Author

Assistant Professor at the Razavi Institute for Islamic Sciences, affiliated with the Islamic Research Foundation. Mashhad, Iran.

Abstract

The term sīra is one of the most frequently used Islamic concepts, particularly significant in various fields of study and especially in Shi‘i jurisprudence. Shi‘i jurists, in accordance with their use of sources for legal deduction, have employed this religious term and cited it as evidence or an indicator of a legal ruling. The key question, however, is whether the jurists’ use of the term sīra has been limited and occasional, or whether it has been extensive and developed to the level of a technical term in jurisprudential scholarship. The present study seeks, through a review-based method and by examining the usage of the word sīra in texts on devotional jurisprudence (fiqh al-‘ibādāt), to demonstrate the extent to which Shi‘i jurists have employed this concept.
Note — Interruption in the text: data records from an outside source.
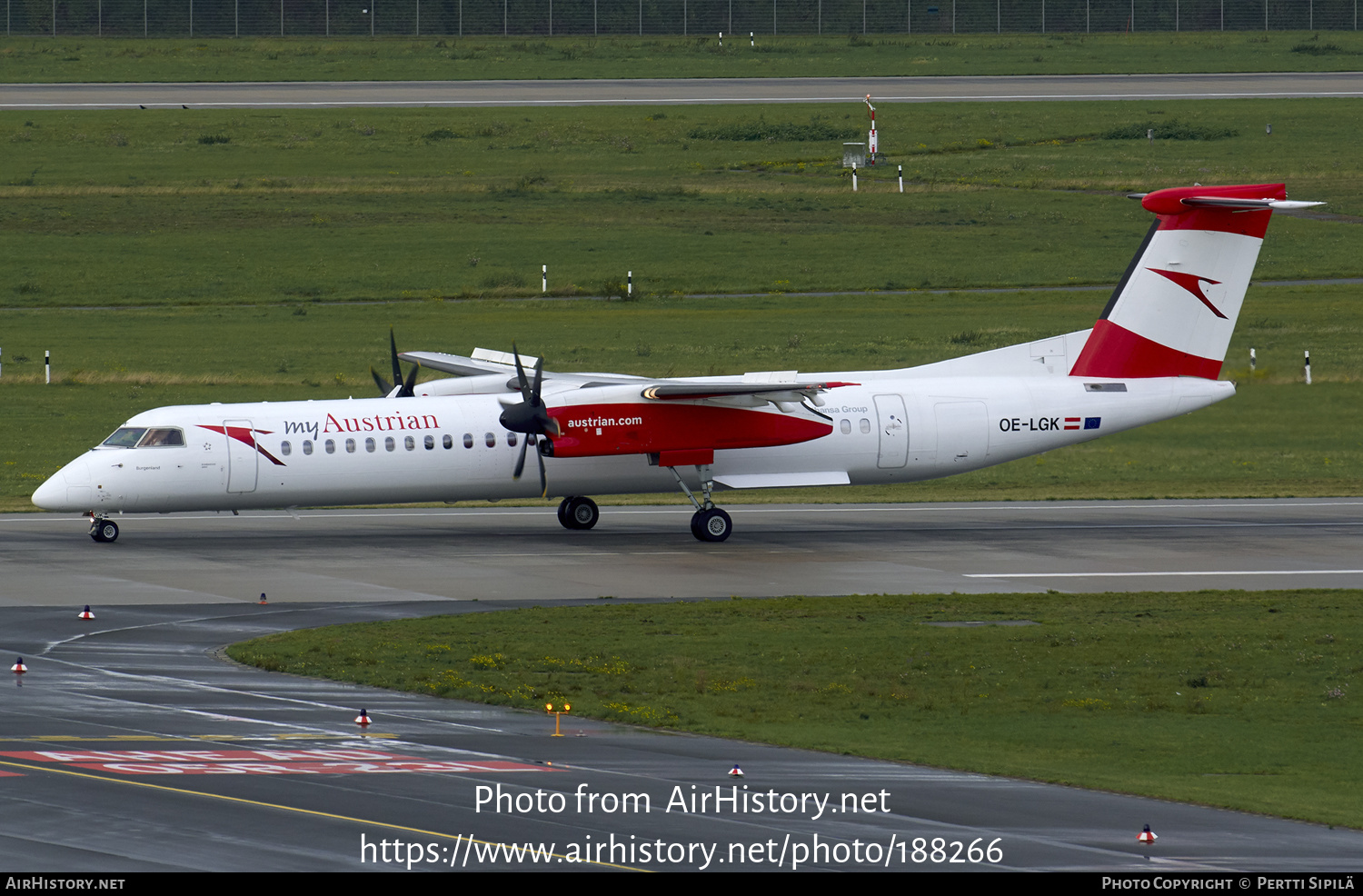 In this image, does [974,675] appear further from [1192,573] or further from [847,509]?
[847,509]

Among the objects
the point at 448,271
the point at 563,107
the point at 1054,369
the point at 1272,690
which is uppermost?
the point at 563,107

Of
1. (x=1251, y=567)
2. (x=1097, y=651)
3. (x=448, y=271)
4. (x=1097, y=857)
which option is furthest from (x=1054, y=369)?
(x=448, y=271)

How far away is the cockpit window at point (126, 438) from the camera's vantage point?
31016 mm

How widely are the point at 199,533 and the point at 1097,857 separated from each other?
24.4 m

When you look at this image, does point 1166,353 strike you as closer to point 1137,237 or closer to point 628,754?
point 628,754

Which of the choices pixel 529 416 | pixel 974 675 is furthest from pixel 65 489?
pixel 974 675

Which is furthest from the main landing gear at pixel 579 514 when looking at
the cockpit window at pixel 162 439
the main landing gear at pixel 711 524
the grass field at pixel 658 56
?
the grass field at pixel 658 56

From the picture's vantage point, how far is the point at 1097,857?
41.7ft

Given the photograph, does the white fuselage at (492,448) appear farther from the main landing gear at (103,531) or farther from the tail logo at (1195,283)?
the tail logo at (1195,283)

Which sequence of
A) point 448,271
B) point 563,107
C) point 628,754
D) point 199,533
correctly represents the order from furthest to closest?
point 563,107, point 448,271, point 199,533, point 628,754

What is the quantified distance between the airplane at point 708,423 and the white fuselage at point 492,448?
38 millimetres

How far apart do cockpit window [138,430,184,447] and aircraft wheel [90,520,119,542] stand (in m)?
1.76

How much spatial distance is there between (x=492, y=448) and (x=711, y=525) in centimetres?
464

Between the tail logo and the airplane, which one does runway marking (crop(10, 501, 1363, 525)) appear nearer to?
the airplane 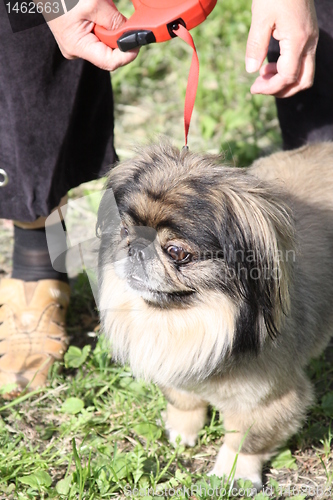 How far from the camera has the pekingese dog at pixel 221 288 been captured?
1.42 m

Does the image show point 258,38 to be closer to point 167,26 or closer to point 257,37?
point 257,37

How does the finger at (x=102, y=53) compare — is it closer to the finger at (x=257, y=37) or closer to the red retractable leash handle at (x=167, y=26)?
the red retractable leash handle at (x=167, y=26)

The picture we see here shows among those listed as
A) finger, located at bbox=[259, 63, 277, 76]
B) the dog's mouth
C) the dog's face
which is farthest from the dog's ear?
finger, located at bbox=[259, 63, 277, 76]

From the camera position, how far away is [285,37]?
1.46 meters

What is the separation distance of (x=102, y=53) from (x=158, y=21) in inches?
6.5

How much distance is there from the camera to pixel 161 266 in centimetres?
143

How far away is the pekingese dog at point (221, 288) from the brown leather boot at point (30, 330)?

For this purpose, using the Comprehensive Shi‘i Jurisprudence Software (Jāmi‘ al-Fiqh Ahl al-Bayt) and searching the keyword sīra across works of analytical (istidlālī) jurisprudence, the study investigates jurisprudential writings on acts of worship from the fifth to the fifteenth centuries AH. The findings show that the term sīra in the discourse of Shi‘i jurists has passed through two distinct phases: A period of stagnation, in which the use of the term was limited and infrequent; and A period of flourishing, during which references to sīra increased and the term developed into a recognized technical concept within jurisprudential literature.